Teacher Asks Students To Plan a Terrorist Attack
Tired of looking at an endless parade of dioramas, an Australian teacher had her class plan a terrorist attack that would "kill as many innocent Australians as possible." "The teacher, with every best intention, was attempting to have the students think through someone else's eyes about conflict. I think there are better ways to do that. ... This is not what we expect of professional educators," said Sharyn O'Neill, director-general of the state's Department of Education.
Without thinking like that?
"The teacher, with every best intention, was attempting to have the students think through someone else's eyes about conflict. I think there are better ways to do that. ... This is not what we expect of professional educators", said Sharyn O'Neill, director-general of the state's Department of Education.
Funny thing is, if I was a teacher, that is EXACTLY the type of assignment that I would give to students, because it will help them to THINK: analyze, empathize, question, ...
When I was in school I would often take the most controversial subject that I could think of, and something that I had strong opinions about, and take the opposite point of view and write an essay about it. It was an amazing learning process.
One of the reasons why I have never EVER considered getting into teaching is because I realized that schools aren't so much about learning as about teaching people to think like everybody else.
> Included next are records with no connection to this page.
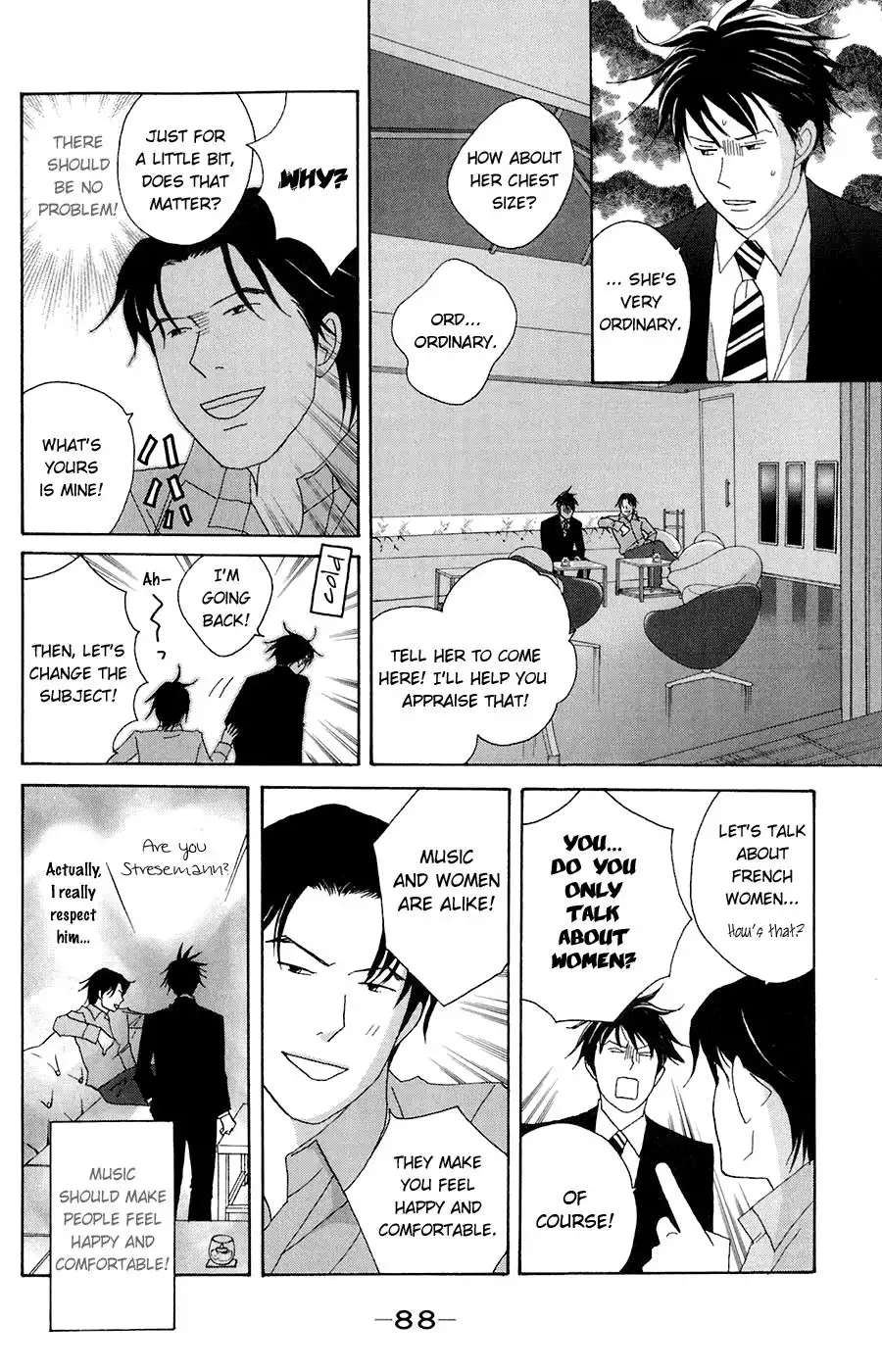 Nodame Cantabile Chapter 79 21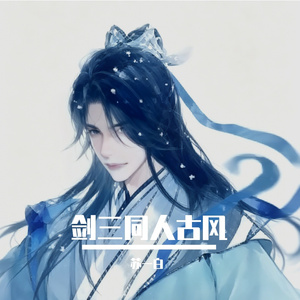 少年方宇轩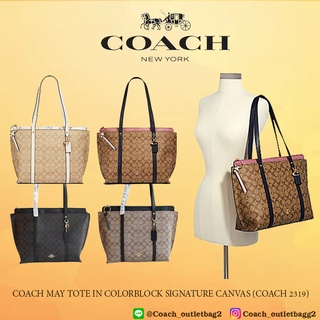 กระเป๋าสะพายข้าง COACH 2319 MAY TOTE IN COLORBLOCK SIGNATURE CANVAS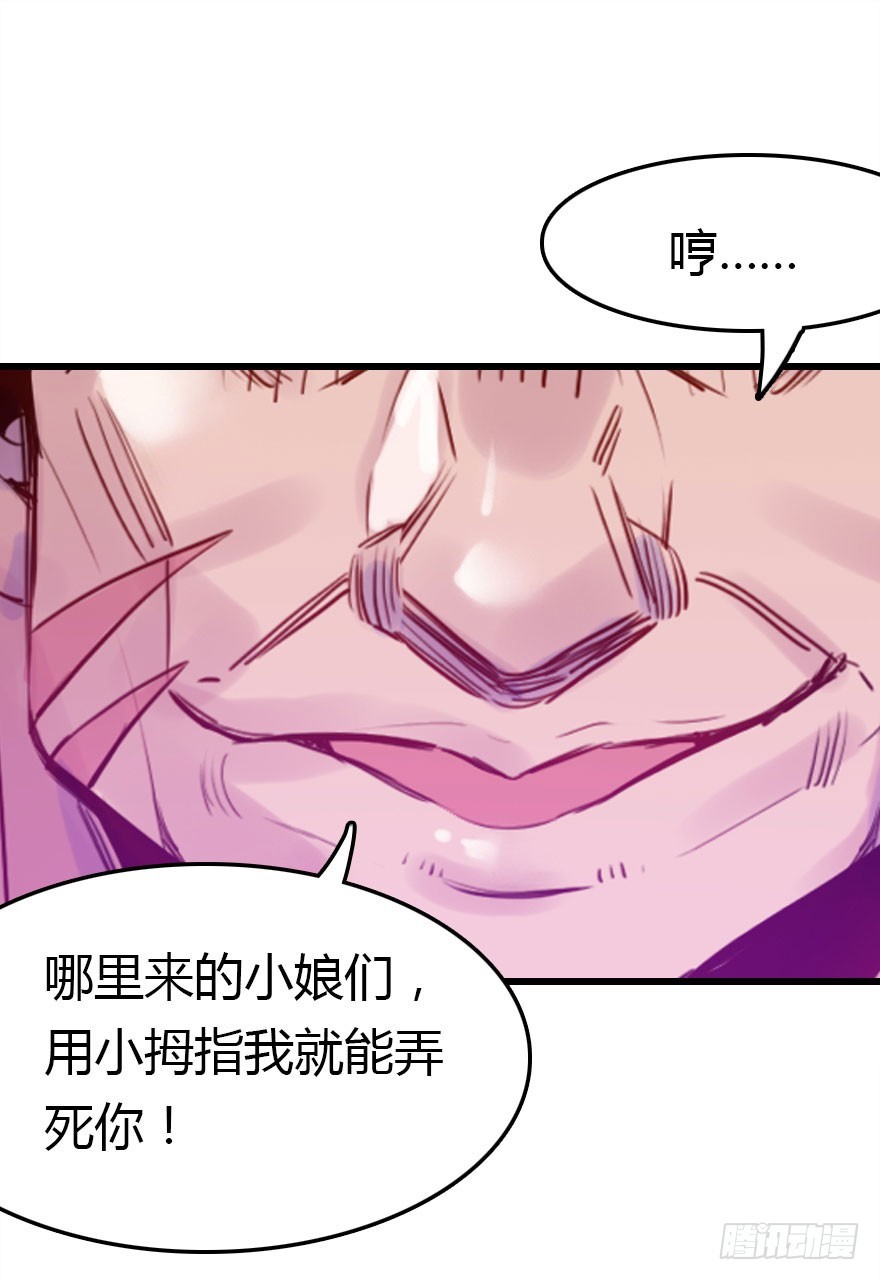 接踵而至的麻烦56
Personally, I think that there is nothing wrong with this sort of assignment. In order to anticipate just such attacks, you must think like a terrorist. It may actually increase the safety of the people by getting them to raise their situational awareness. Nothing wrong with that. However, our wonderful government really dislikes the idea of people actually thinking for themselves, especially in this area. Just what do you think would happen if everyone suddenly realized that all the 'security' at the airport does not mean a damn and if everyone also realized that their civil rights have been stripped away and agencies like TSA and DHS really don't seem to have much in the way of limits... The best security on an airliner are the passengers - the likelyhood of another 9-11 type attack is less likely than finding a snowball in hell. Unless they figure out a way to gass all the passengers before making their move. Oh shit! I must be a terrorist!!! I'm fucked now.
Why is it that most of the people that I encounter seem to have been shat from the Sphincter of Mediocrity?
"So it is said that if you know your enemies and know yourself, you can win a hundred battles without a single loss.
If you only know yourself, but not your opponent, you may win or may lose.
If you know neither yourself nor your enemy, you will always endanger yourself."
-Sun Tzu, The Art of War
I propose we ban the discussion and analysis of hypothetical terrorist attacks, military invasions, and network breaches because they're insensitive to victims of terrorism, veterans, and poor blokes like me who've had their medical records compromised.
What do they expect? I expect from teachers to be teaching the ability to learn. No matter how touchy this subject is for some people, this isn't something that should be punished. Hell, read the wikileaks of the CIA message today... They are doing the exact same thing!
Yes, but the CIA pretend they don't do that sort of stuff. Given how stupid and paranoid most people are, I can see how they want to crucify the teacher. I wouldn't have an issue with that sort of lesson, but at the same time, it might not be overly appropriate. The teacher was a year 10 teacher (that means the students are around 15) and thinking about it, that allows kids to watch just about any movie or play any game released in Australia. I don't see how it is a gross stepping over a "maturity level" line in the sand.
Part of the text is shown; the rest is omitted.